En onulmaz anlarda bir yolculuk turuna bağlıyorum bu yüreğin halatlarını, uçarı rüzgârların sırtına tutunarak. Kelimeler sıkışık bir ömrün içinden süzülerek arşa değiyor, ben ruhların gözyaşlarını biriktiriyorum. Her mevsim bir başka hazan sürüklenişi aslında, sürüklenmemek için ve düş dalgalarından düşmemek için önce ben sızıyorum derine, cemrelerden önce düşmek için bu emsalsiz küreye.
Dilimizin kaygan zeminlerine ışık düşer sevdanın ismini hecelediğimizde.
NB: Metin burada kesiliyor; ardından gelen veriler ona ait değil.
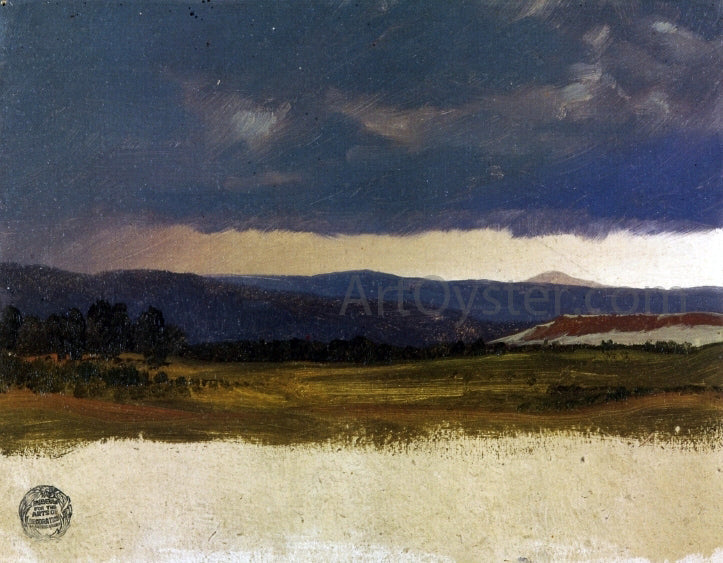 Frederic Edwin Church Hudson Valley, Near Olana, New York - Canvas Print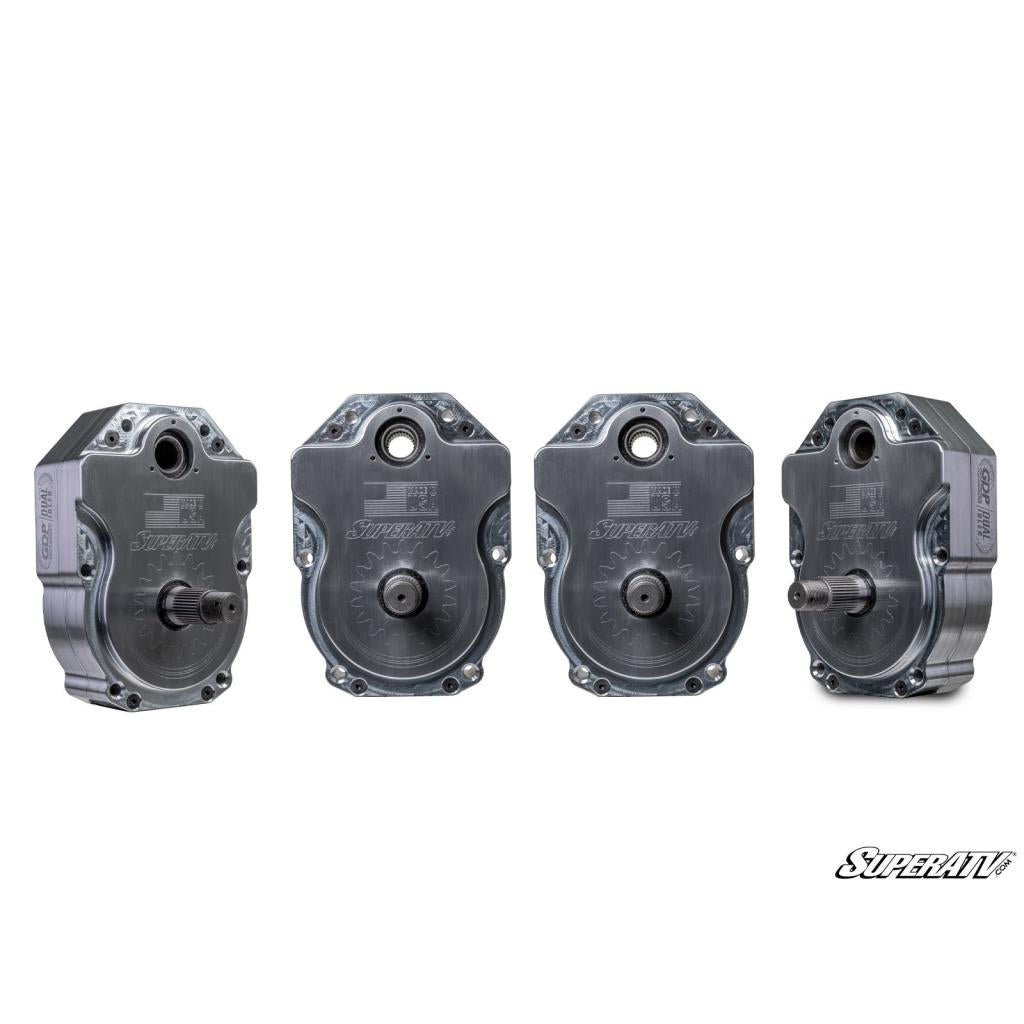 SuperATV Polaris RZR XP Turbo 6" Portal Gear Lift - MojoMotoSport.com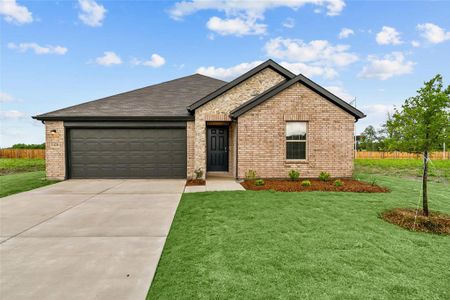 New construction Single-Family house 520 Ridgewood Drive, Van Alstyne, TX 75495 - photo 0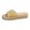 Yellow, variant on Rokment Women's Boho Espadrilles Platform Beach Slides Sandals 2026 Summer Casual Ethnic Retro Stitching Suede Open Toe Chunky Footbed Slip on Dress Slippers for Woman Black Size 6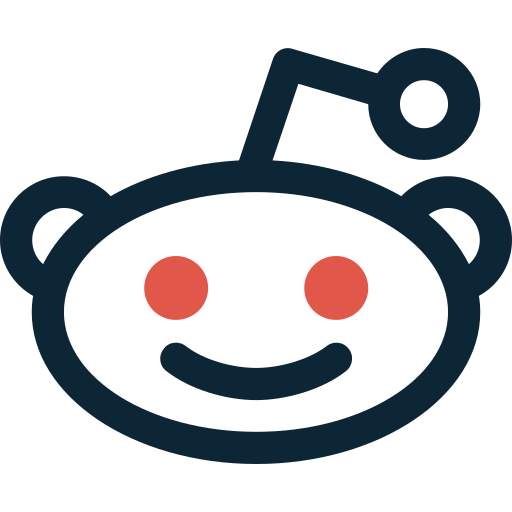 Reddit, logo, social, social media icon
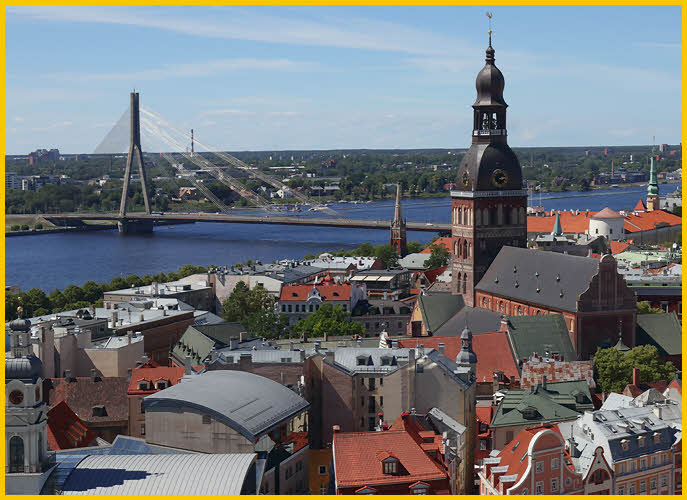 Old Town from St Peter's Steeple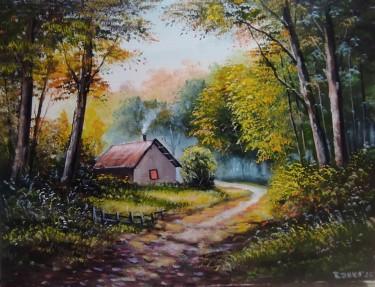 Forest cabin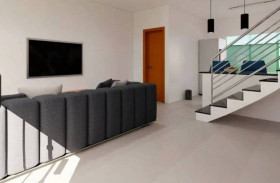 Imóvel com 3 Quartos à Venda, 98 m² em Santa Branca - Belo Horizonte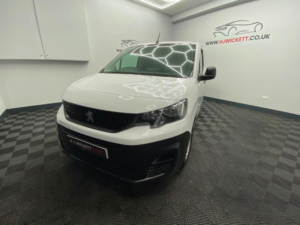 2023 Peugeot Partner 1.5 Bluehdi 1000 Professional Premium + Standard Panel Van Swb Euro 6 (s/s) 5dr in White — image 2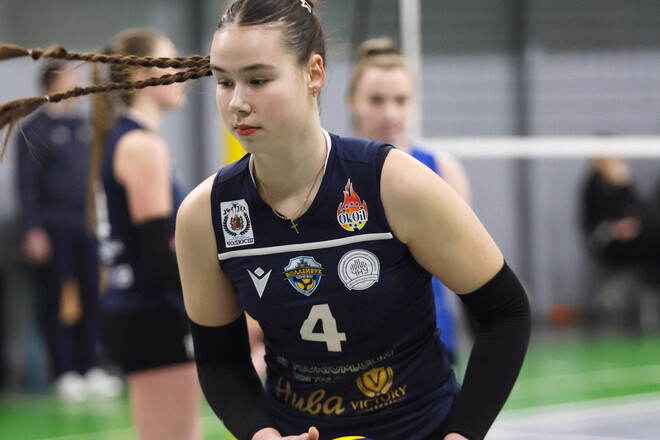 Три перспективних українських волейболістки виступатимуть у США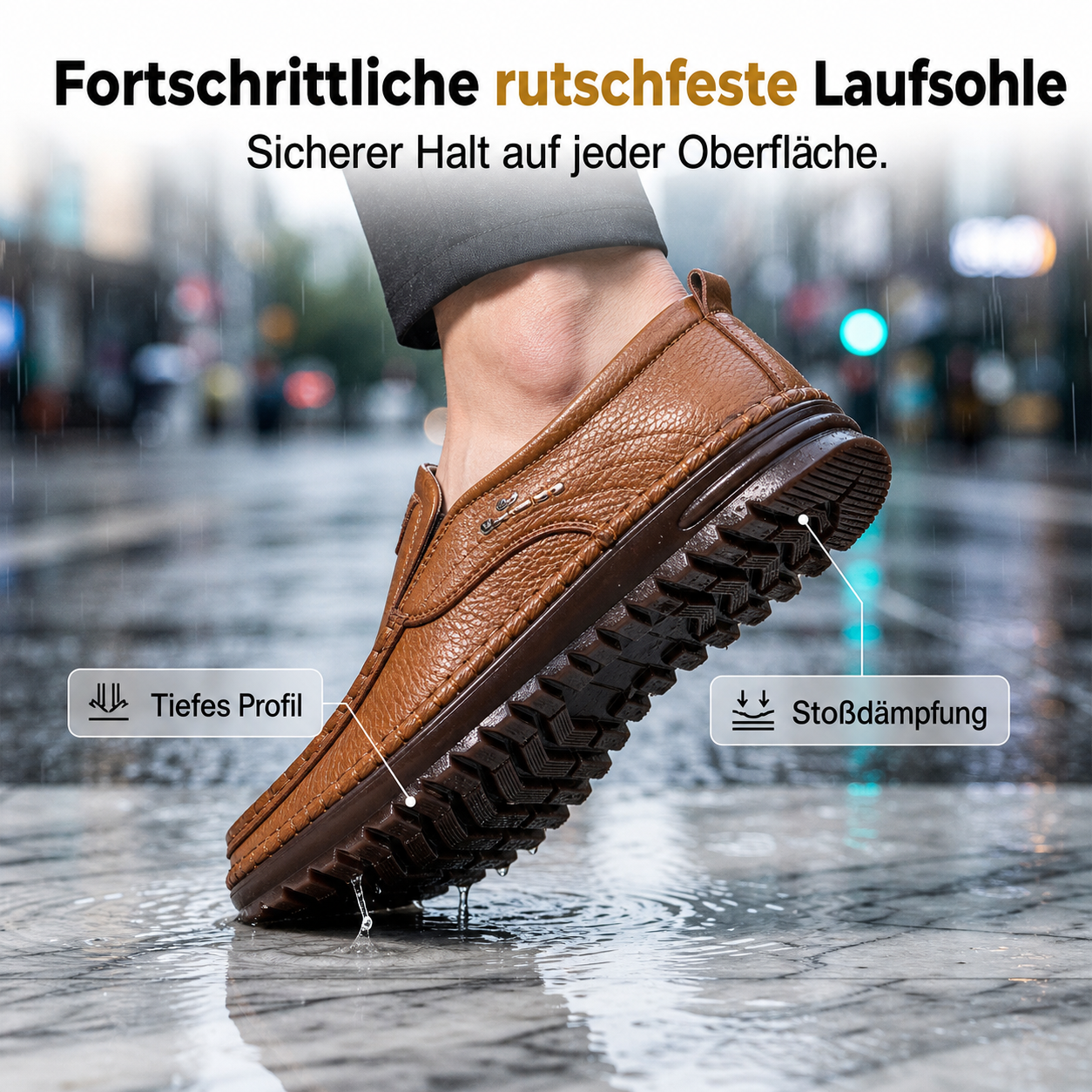 Tom Hollinger | Herren Loafer Slip On Für Alltag Und Büro
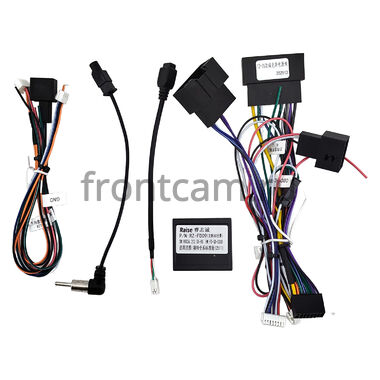 Ford Focus 3 2011-2015 12.3 дюйма Canbox H-Line 4411-0929 на Android 14 (4G-SIM, 6/128, DSP, QLed) Lexus Style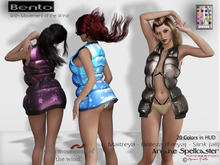 bag DEMO Bomber Linette BENTO *Arcane Spellcaster* Ak-Creations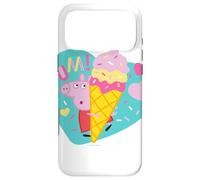 Peppa Pig Yum Ice Cream Case for iPhone 17 Pro Max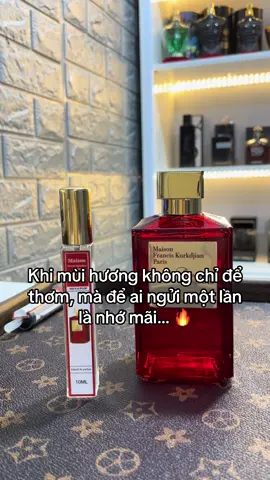 huyền thoại Baccarat Rouge 540 🥵 #mfk540 #thomsangchanh #thomquyenru #nuochoanu #nuochoanam #nuochoaunisex #nuochoachiet #tiktokperfume #baohieuperfume 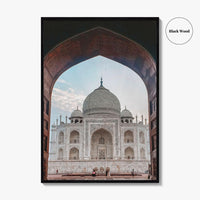 Taj Mahal Fine Art Photo Print, Agra, Uttar Pradesh, India, Wall Decor Poster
Kıpır kıpır büyüyen bir hüzünle kol kola yürürken, gecenin atardamar nöbetlerinde mendilimizi gizlerken dünler ay düşer şiirlerin üzerine, yaprak dala sarılır, dal gövdeye. Koynumuzdaki hüzün ihtilallerinde tarumar bir esintidir güz gülüşleri, bakışlarımızla uzakları izler, yankımızın derin sularından inadına özlemi içeriz.